Given how many people treat speed limits as suggestions, at best, having your vehicle obey the limit would turn some people off of them.
If self-driving cars got to the point where they were significantly safer than human drivers (a big if), I could see the creation of dedicated self-driving lanes with higher speed limits.
That sounds like dedicated bus lanes, except you don’t need the higher speed limits since avoiding traffic takes care of the need to speed.
Now we just wait until some tech bro picks up the idea and resells it with AI in the name at 10x the cost to tax payers.
The difference with buses is that they’re less safe (or at least less able to avoid collisions) at high speed than cars are. So the purpose of bus lanes isn’t to increase the maximum speed of buses, but to increase their minimum speed during congestion.
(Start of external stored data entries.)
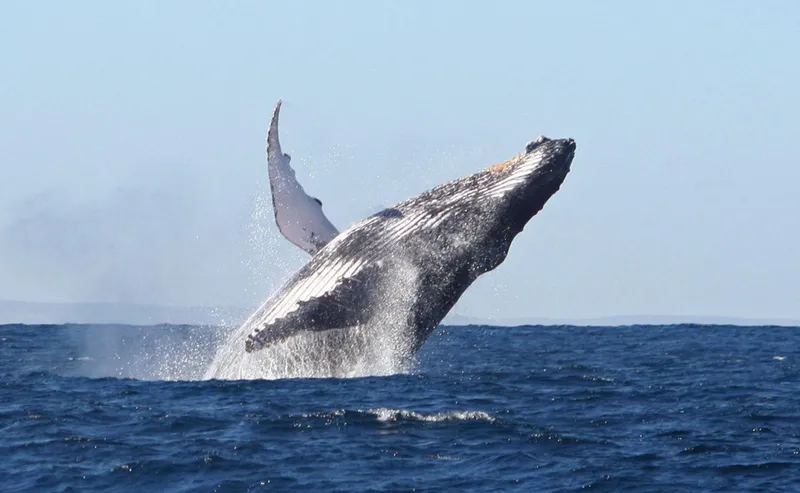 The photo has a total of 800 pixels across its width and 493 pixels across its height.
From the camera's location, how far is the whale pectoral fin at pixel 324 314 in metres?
12.5

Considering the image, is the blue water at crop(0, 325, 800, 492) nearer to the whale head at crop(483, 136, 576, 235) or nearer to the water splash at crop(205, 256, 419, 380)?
the water splash at crop(205, 256, 419, 380)

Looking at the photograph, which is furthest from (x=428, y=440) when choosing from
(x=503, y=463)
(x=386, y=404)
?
(x=386, y=404)

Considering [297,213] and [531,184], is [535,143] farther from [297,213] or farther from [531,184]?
[297,213]

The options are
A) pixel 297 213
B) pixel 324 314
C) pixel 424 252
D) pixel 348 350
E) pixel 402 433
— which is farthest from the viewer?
pixel 297 213

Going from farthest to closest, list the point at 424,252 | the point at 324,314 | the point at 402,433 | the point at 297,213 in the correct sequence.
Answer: the point at 297,213 → the point at 424,252 → the point at 402,433 → the point at 324,314

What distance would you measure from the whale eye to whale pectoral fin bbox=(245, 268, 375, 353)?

I guess my point is that they would similarly get people to their destination quicker if implemented. The main difference is that one is fully proven and exists already with current technology.
The biggest problem with automation is, it can’t deal with things that aren’t expected or detected.
The current roadscape is too chaotic to be able to code in all the edge cases, as well as deal with the sensor issues.
I think the only way self driving vehicles will be able to operate (until the roadscape changes/evolves) is to have dedicated roads(probably toll roads initially), where only compatible vehicles will be allowed to utilize, and only when in autonomous mode.
There the environment can be controlled much tighter, and we can get through teething problems with the inter vehicle/roadscape communications.
These roads will expand as society adopts them, and there will be fewer manually driven roads.
Eventually all cars can communicate with all others, as well as a centralized road traffic controller. And almost all roads will be autonomous required.
Then the car crash scene in irobot can happen.